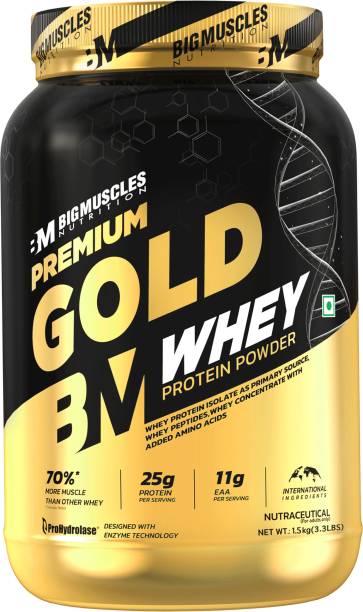 BIGMUSCLES NUTRITION Premium Gold Whey | 25g Isolate Protein Blend | ProHydrolase Enzyme Tech. Whey Protein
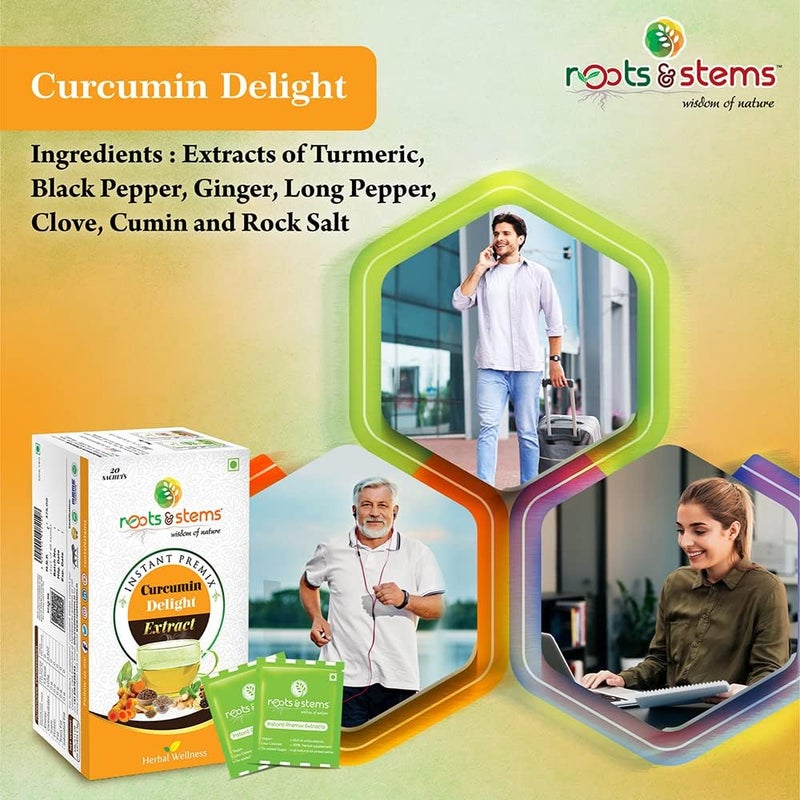 roots & stems Curcumin Delight Turmeric Tea | Instant Premix Extract Powder | Made of 9 Spices | For Skin & Joint Pain, Antioxidant & Antibacterial | 60g (3gx20 Sachets) Pack of 1 - Image 4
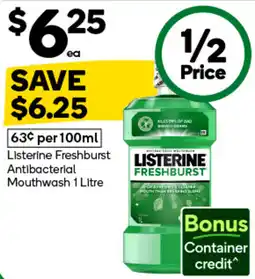 Woolworths Listerine Freshburst Antibacterial Mouthwash offer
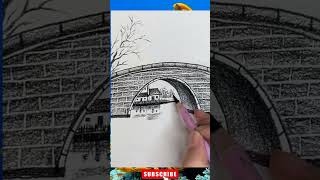 Bridge scenery house drawing #drawing #viral #shortsvideo #Bridge scenery #easy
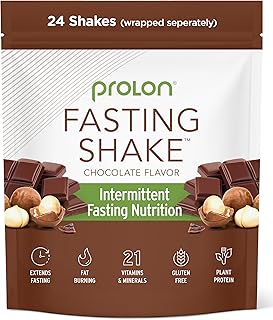 Prolon Intermittent Fasting Drink Mix | Fasting Shake for Intermittent Fasting | Vitamins, Fiber, Plant Based Protein, Superfoods | Keto, Vegan, Gluten Free, Dairy Free | Chocolate, 24 Packets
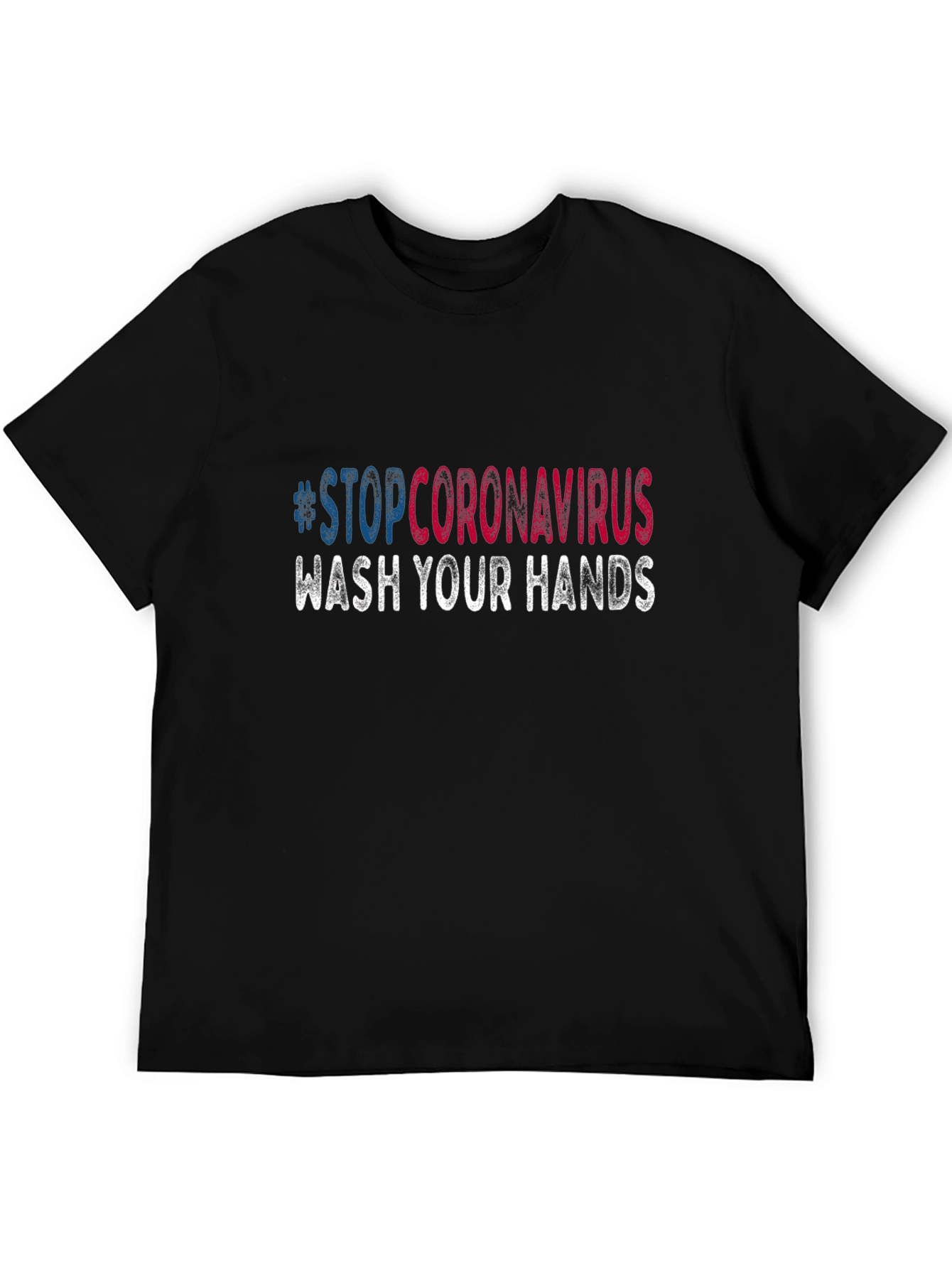 Black Stop Coronavirus Wash Your Hands T-Shirt view 5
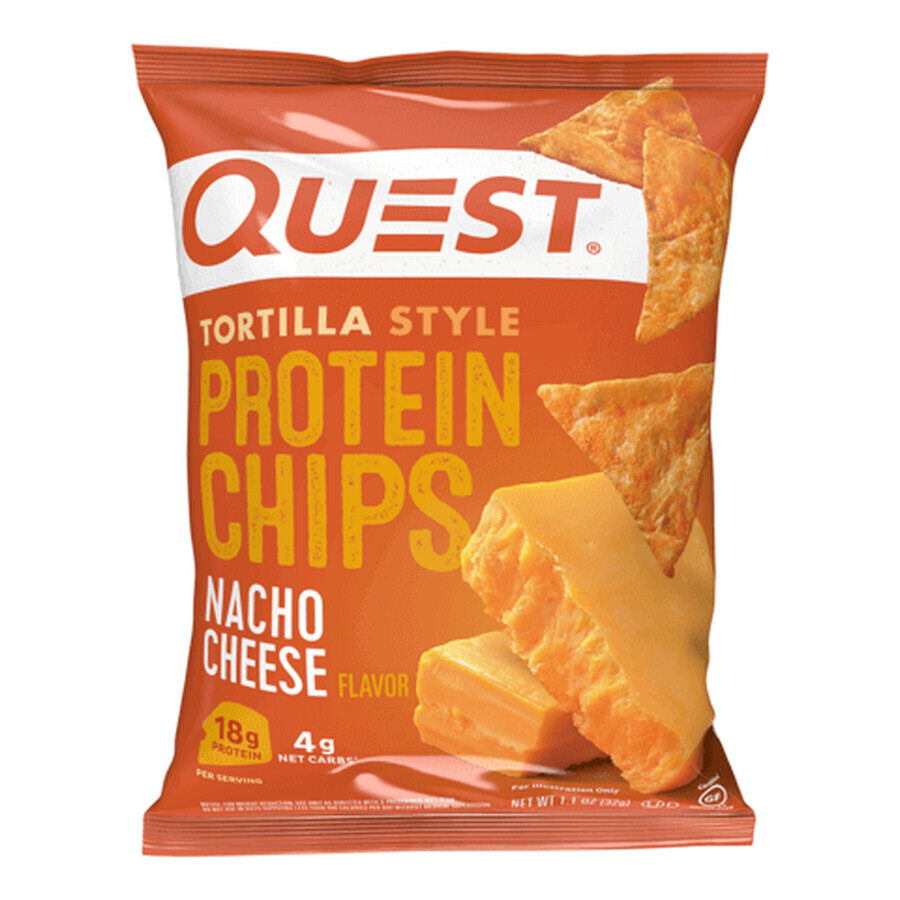 Quest Tortilla Style Protein Chips, Nacho Cheese Flavored Tortilla Chips, 32 G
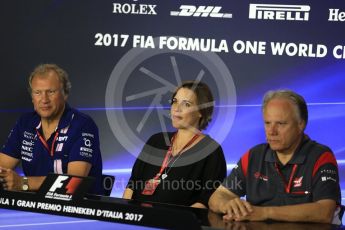 World © Octane Photographic Ltd. Formula 1 - Italian Grand Prix – Friday Team Press Conference – Part 2. Robert Fernley - Deputy Team Principal of Sahara Force India, Gene Haas - Founder and Chairman of Haas F1 Team and Claire Williams - Deputy Team Principal of Williams Martini Racing. Monza, Italy. Friday 1st September 2017. Digital Ref: 1940LB2D8406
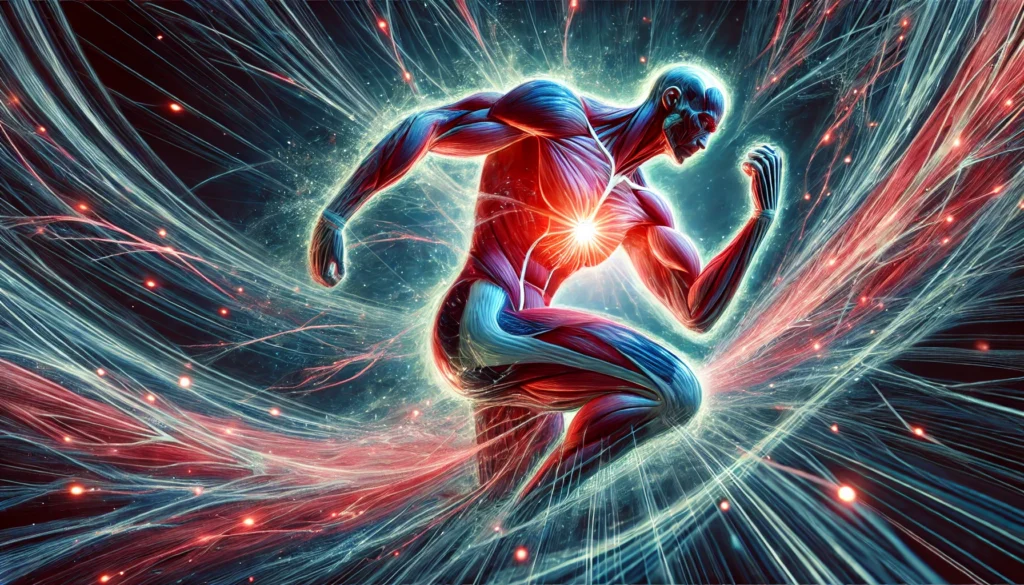 Protein and Muscle Recovery: How It Supports Athletic Performance and Speeds Up Healing 2 An artistic depiction of muscle fibers regenerating and strengthening, symbolizing the process of muscle recovery. The image features a dynamic blend of red and blue tones to represent blood circulation and healing, with a glowing effect emphasizing muscle repair and protein synthesis.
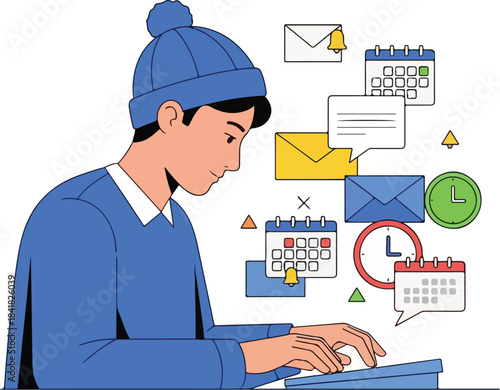 Young man creating viral digital content on laptop with notifications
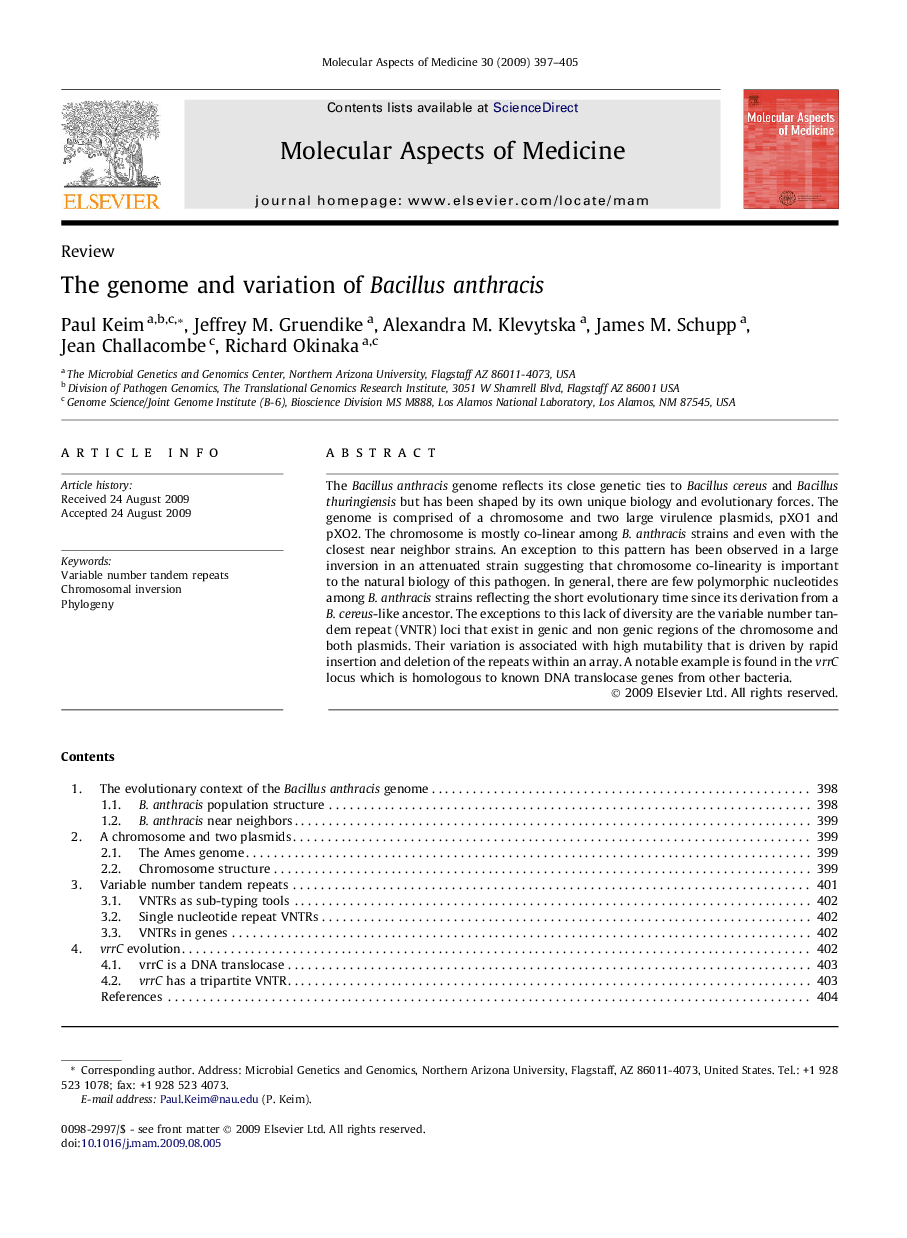 The genome and variation of Bacillus anthracis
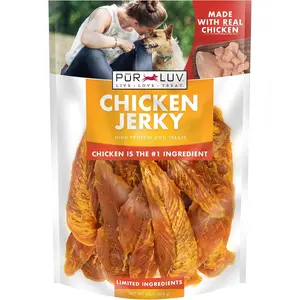 Pur Luv Chicken Jerky Dog Treats, Made with 100% Real Chicken Breast, 16 Ounces, Healthy, Easily Digestible, Long-Lasting, High Protein, Satisfies Dog's Urge to Chew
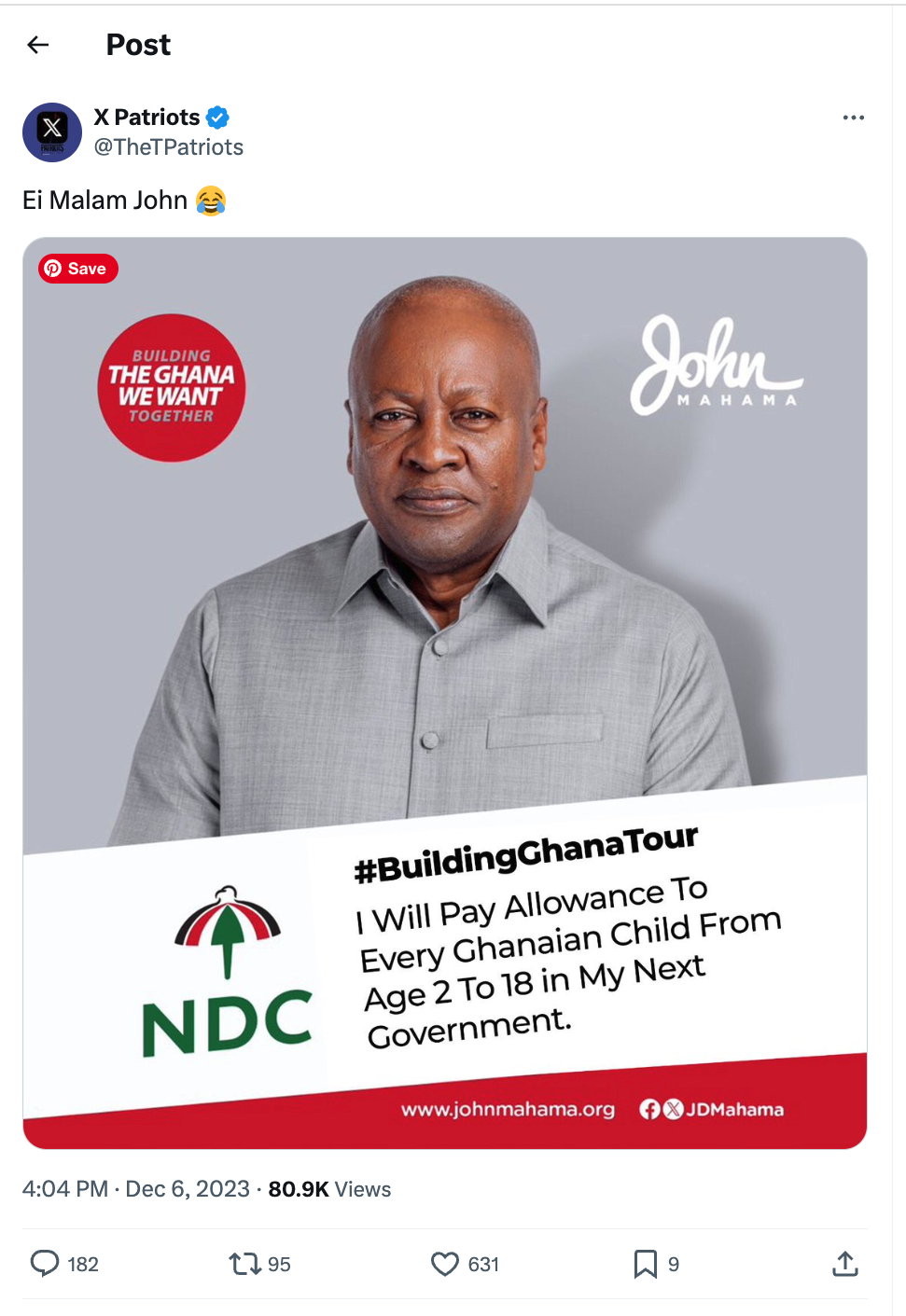 FALSE: John Mahama has not promised to pay allowances to every Ghanaian Child if elected president as seen in viral image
■ ■ ■ ■ ■ ■ ■
> EXERCISE
Go back to the listing above and reproduce, exactly, the stretch from the line bearing "roots & stems" through the line bearing "The genome and", without its pictures.

> FINISHED EXERCISE
 roots & stems Curcumin Delight Turmeric Tea | Instant Premix Extract Powder | Made of 9 Spices | For Skin & Joint Pain, Antioxidant & Antibacterial | 60g (3gx20 Sachets) Pack of 1 - Image 4
 Woolworths Listerine Freshburst Antibacterial Mouthwash offer
 Bridge scenery house drawing #drawing #viral #shortsvideo #Bridge scenery #easy
 Prolon Intermittent Fasting Drink Mix | Fasting Shake for Intermittent Fasting | Vitamins, Fiber, Plant Based Protein, Superfoods | Keto, Vegan, Gluten Free, Dairy Free | Chocolate, 24 Packets
 Black Stop Coronavirus Wash Your Hands T-Shirt view 5
 Quest Tortilla Style Protein Chips, Nacho Cheese Flavored Tortilla Chips, 32 G
 World © Octane Photographic Ltd. Formula 1 - Italian Grand Prix – Friday Team Press Conference – Part 2. Robert Fernley - Deputy Team Principal of Sahara Force India, Gene Haas - Founder and Chairman of Haas F1 Team and Claire Williams - Deputy Team Principal of Williams Martini Racing. Monza, Italy. Friday 1st September 2017. Digital Ref: 1940LB2D8406
 Protein and Muscle Recovery: How It Supports Athletic Performance and Speeds Up Healing 2 An artistic depiction of muscle fibers regenerating and strengthening, symbolizing the process of muscle recovery. The image features a dynamic blend of red and blue tones to represent blood circulation and healing, with a glowing effect emphasizing muscle repair and protein synthesis.
 Young man creating viral digital content on laptop with notifications
 The genome and variation of Bacillus anthracis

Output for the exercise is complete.